Before the program was green-lighted, the company had to address concerns regarding liability; specifically, it did not want to be perceived as using the financial angle as the sole factor in hiring decisions. WRRI worked with the client’s HR and legal teams to develop a process by which the employee was given a written offer, but advised from the onset not to formally accept or give notice to his current employer until the pre-decision process was complete. This was presented as an investment in the individual and his or her family to ensure that they had all of the necessary information to make such a significant decision.
 
 
Client Benefits
The Hackett Group’s October 2009 report, Performance Study on Talent Management Maturity, helped bolster the business case for the new approach. “Those [companies] that really get the purpose of strategic workforce planning, workforce development, and organizational effectiveness posted earnings before interest, taxes, depreciation and amortization (EBITA) that are 18 percent better than peer group companies and a 54 percent greater net profit margin.”
 
 
Clearly, more than some slight improvements in efficiency were at issue:
• Based on the notion that companies focused on talent management could enjoy better bottom line performance, this client was able to leverage the process of pre-decision as part of its strategic workforce planning positions to achieve material cost savings and better profit and financial performance compared to its peers.

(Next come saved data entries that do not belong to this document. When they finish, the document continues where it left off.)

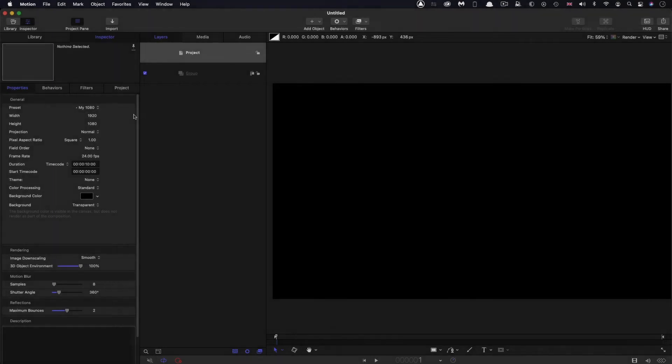Project setup first: 1920 by 1080, 24 frames a second, and a duration of 10 seconds.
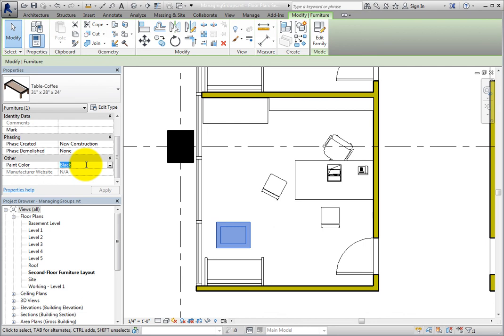At this point, you can specify a paint color for each instance of the coffee table, despite the fact that the elements belong to a model group.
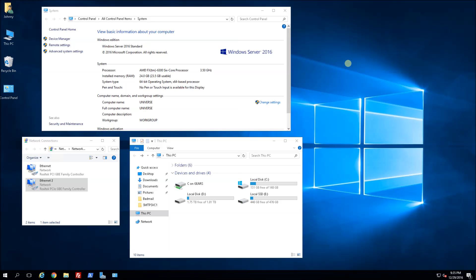Hi, so in this tutorial I'm going to show you how to install Hyper-V, go through setting up a virtual switch and also creating VMs.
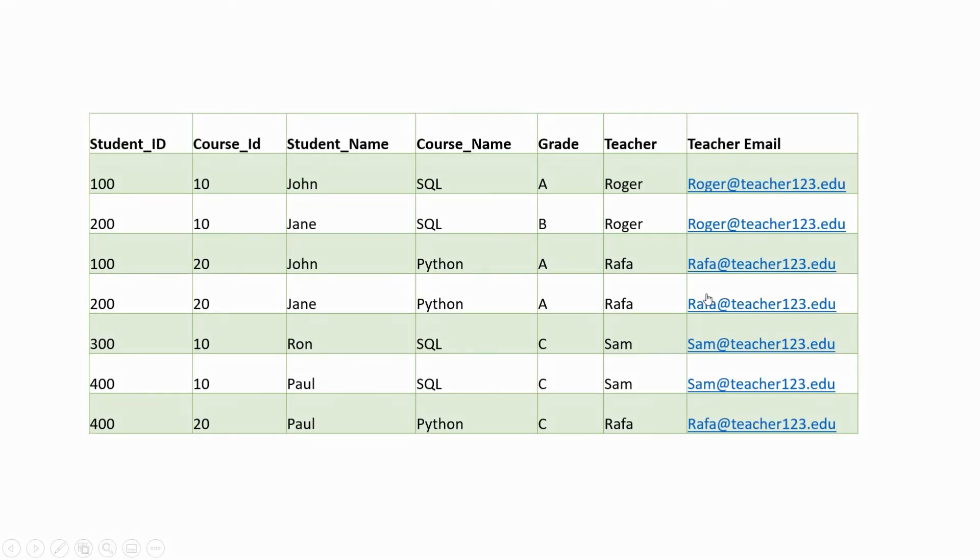Earlier only one teacher could teach a course, but here both Roger and Sam are teaching the same subject SQL. Can you make this dataset in third normal form? Post your solution in the comment section.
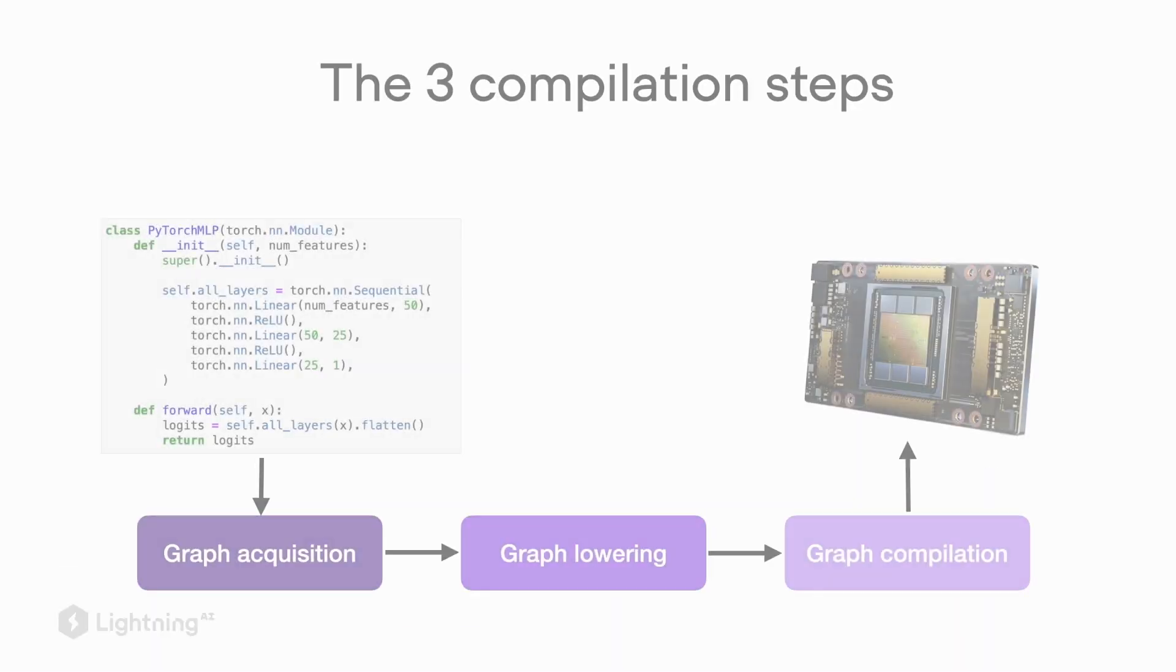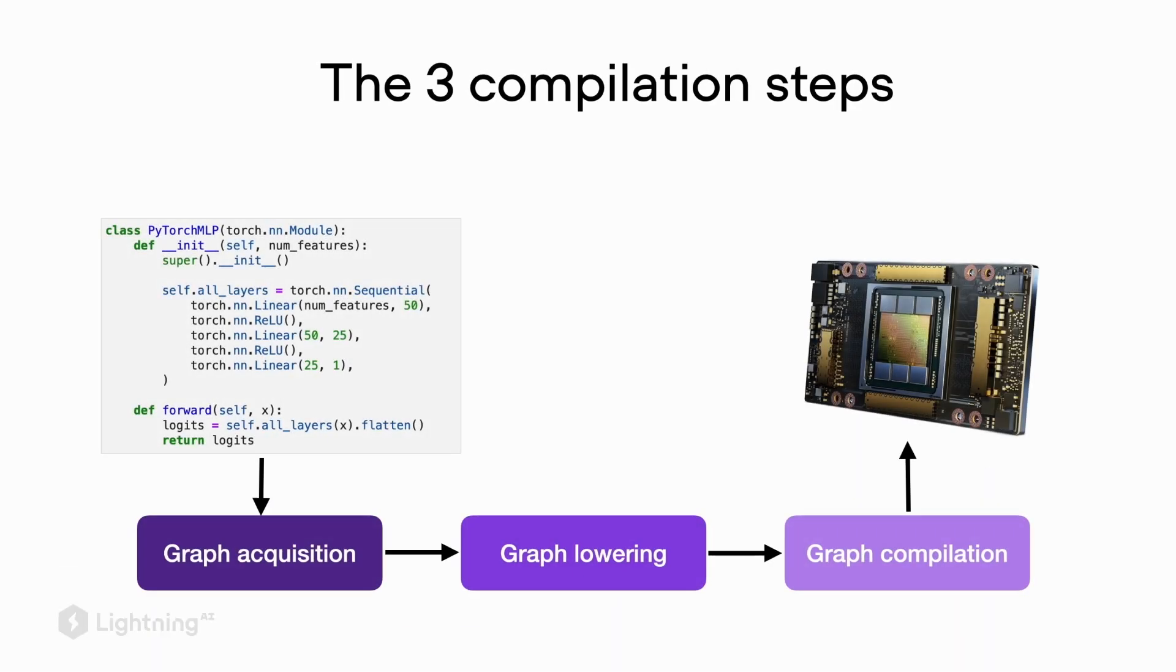Now let's take a look at another nice performance trick: compiling our PyTorch models to squeeze out even more performance. So what does compiling PyTorch models mean? Here's an overview of the three compilation steps that are involved.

• The client’s attrition rate among employees completing the pre-decision program currently stands at zero.
• The client experienced a sharp decrease in requests for exceptions.
• New hires have a more positive onboarding experience, since
the company has invested time and money to assist them in their financial planning/well-being.
• The client has successfully mitigated duplication of recruiting efforts to fill the same position.
• The client has a more accurate budget defined at the onset of the relocation process.
 
 
It’s easy to say look before you leap. It’s much harder to truly plan for that leap—to gauge the footing at your point of departure, test the softness of your landing spot, and weigh the pitfalls and unanticipated consequences that might confront the jumper along the way. WRRI’s pre-decision program shows at least one technique for improving the entire experience, from departure to destination.
 

Tim McCarney is manager of marketing communications at Weichert Relocation Resources Inc.